_Listed records:_
>>>
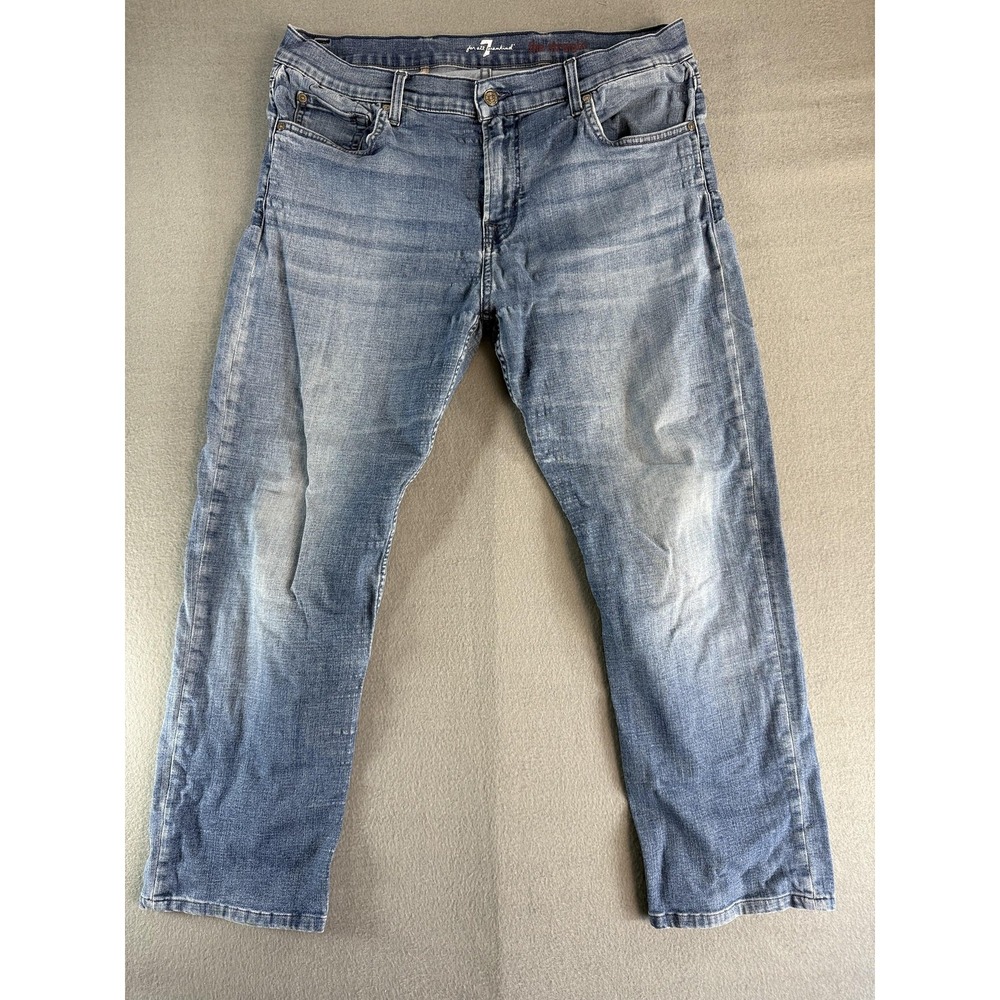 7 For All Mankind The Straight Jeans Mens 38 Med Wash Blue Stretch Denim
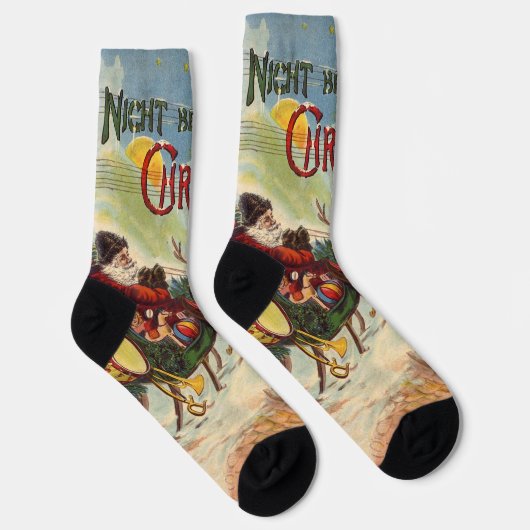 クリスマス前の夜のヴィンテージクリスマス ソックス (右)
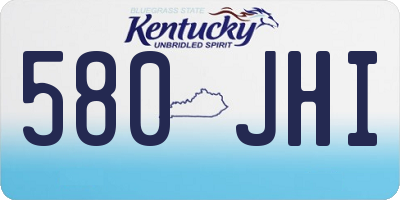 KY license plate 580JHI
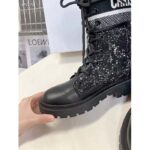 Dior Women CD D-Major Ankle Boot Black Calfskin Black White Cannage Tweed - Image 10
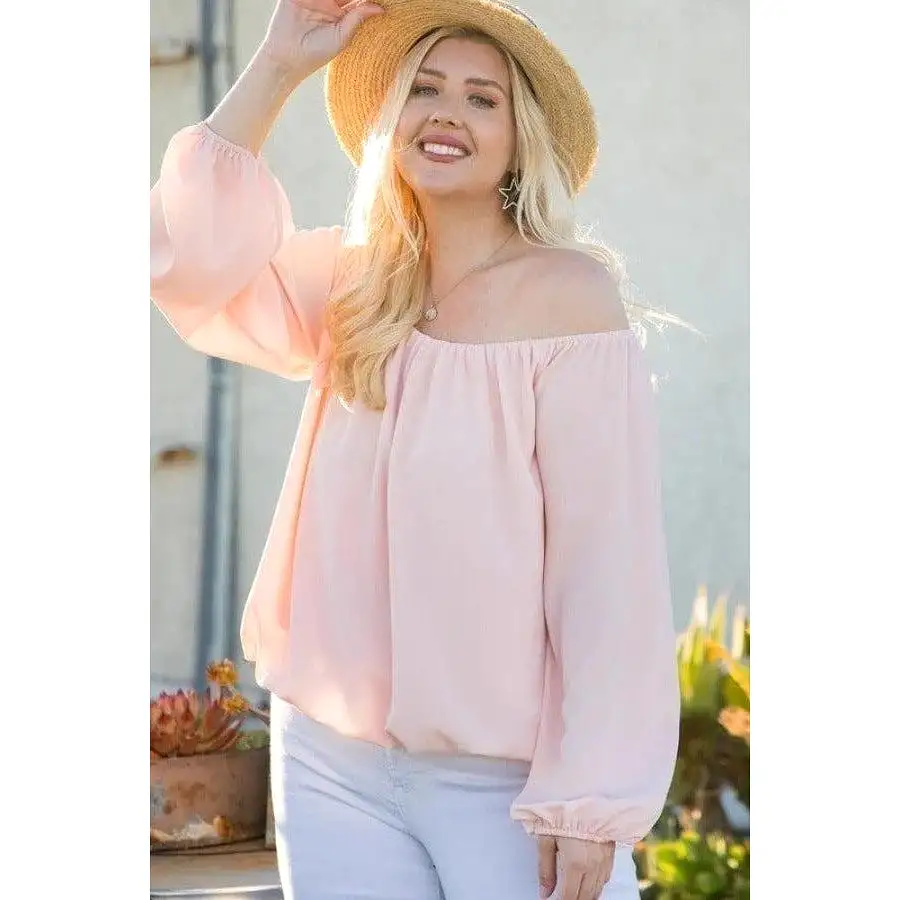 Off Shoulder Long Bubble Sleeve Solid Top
<<<
>>>
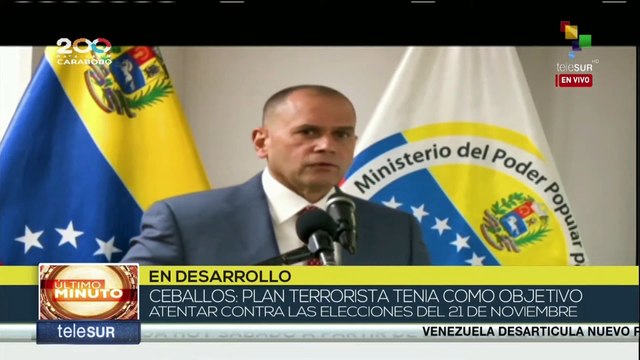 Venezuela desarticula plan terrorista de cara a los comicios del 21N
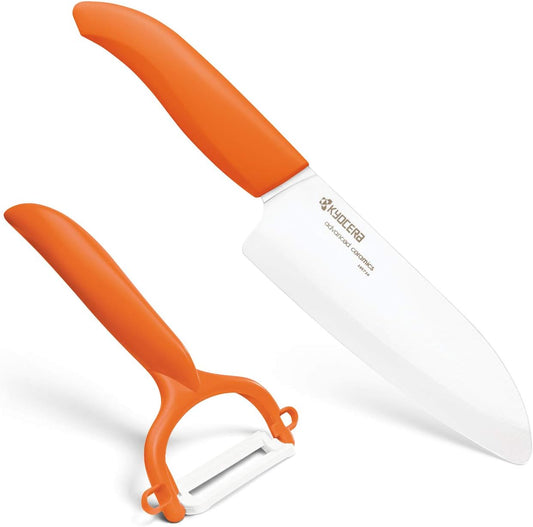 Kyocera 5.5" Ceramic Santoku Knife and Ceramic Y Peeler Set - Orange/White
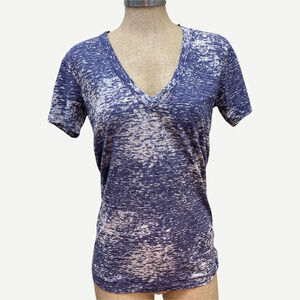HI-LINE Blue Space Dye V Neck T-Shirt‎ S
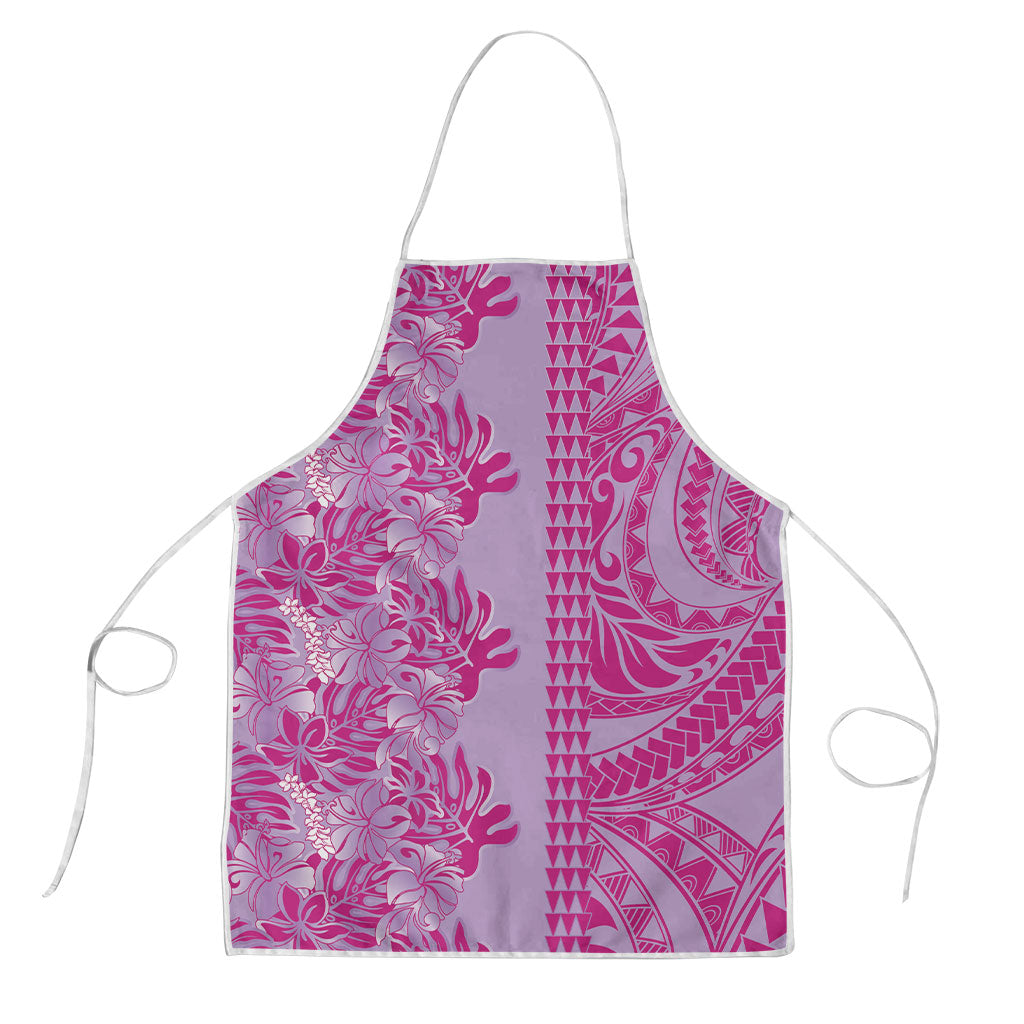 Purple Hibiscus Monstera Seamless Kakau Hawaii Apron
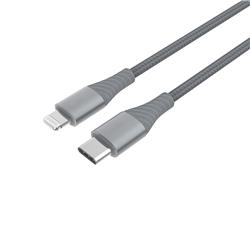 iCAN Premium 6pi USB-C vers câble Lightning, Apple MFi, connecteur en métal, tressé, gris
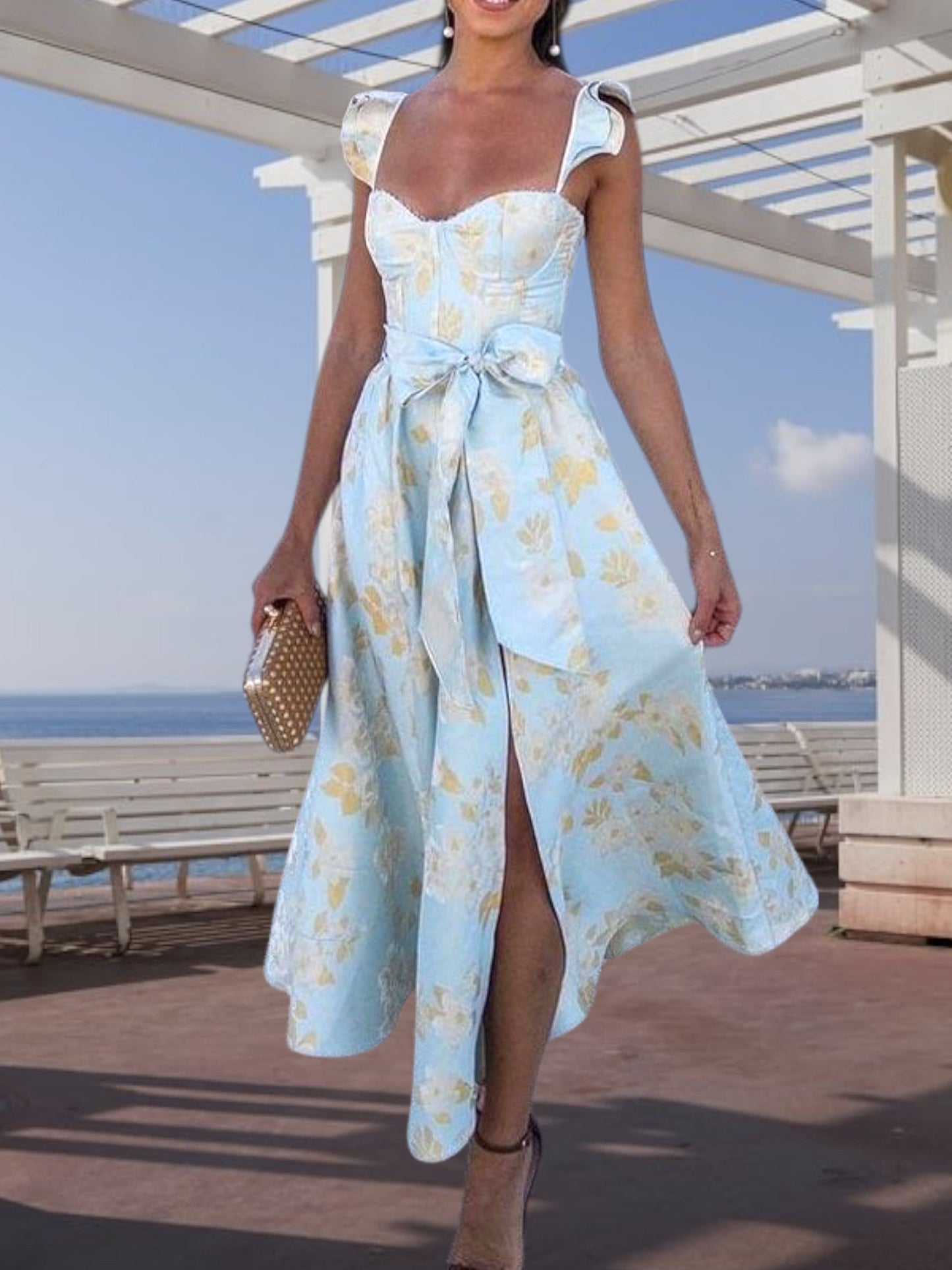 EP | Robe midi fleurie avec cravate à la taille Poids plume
<<<
>>>
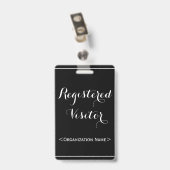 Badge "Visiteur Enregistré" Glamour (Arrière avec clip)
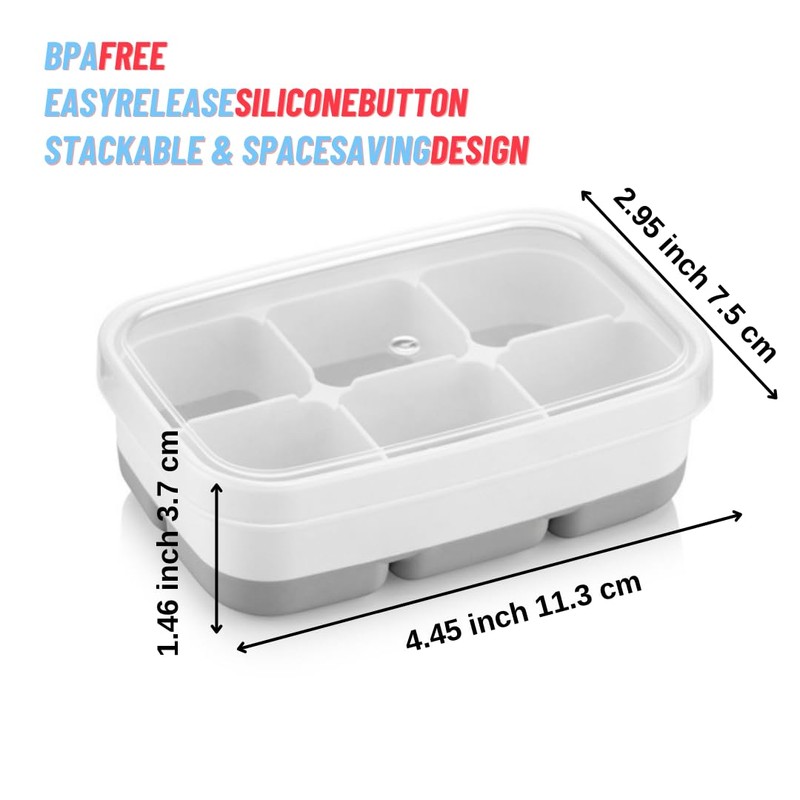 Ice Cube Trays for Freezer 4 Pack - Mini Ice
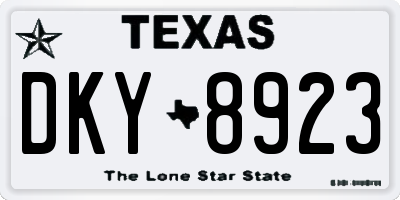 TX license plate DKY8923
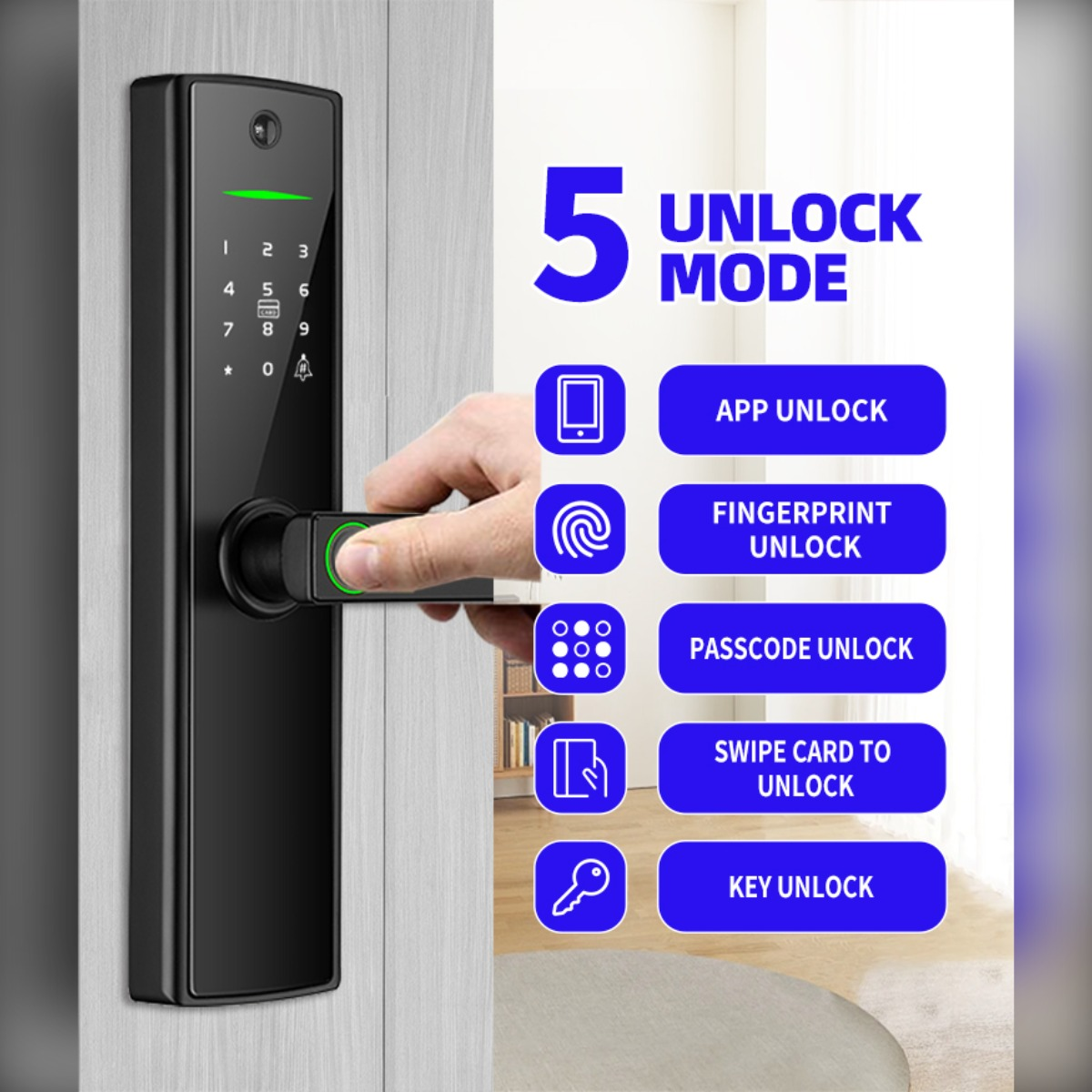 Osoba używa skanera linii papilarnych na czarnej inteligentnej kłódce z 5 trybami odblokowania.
<<<
_Work instructions:_
Without the pictures, give again exactly the lines above starting at the line containing "iCAN Premium 6pi" and ending at the line containing "EP | Robe midi".

_Task response:_
 iCAN Premium 6pi USB-C vers câble Lightning, Apple MFi, connecteur en métal, tressé, gris
 EP | Robe midi fleurie avec cravate à la taille Poids plume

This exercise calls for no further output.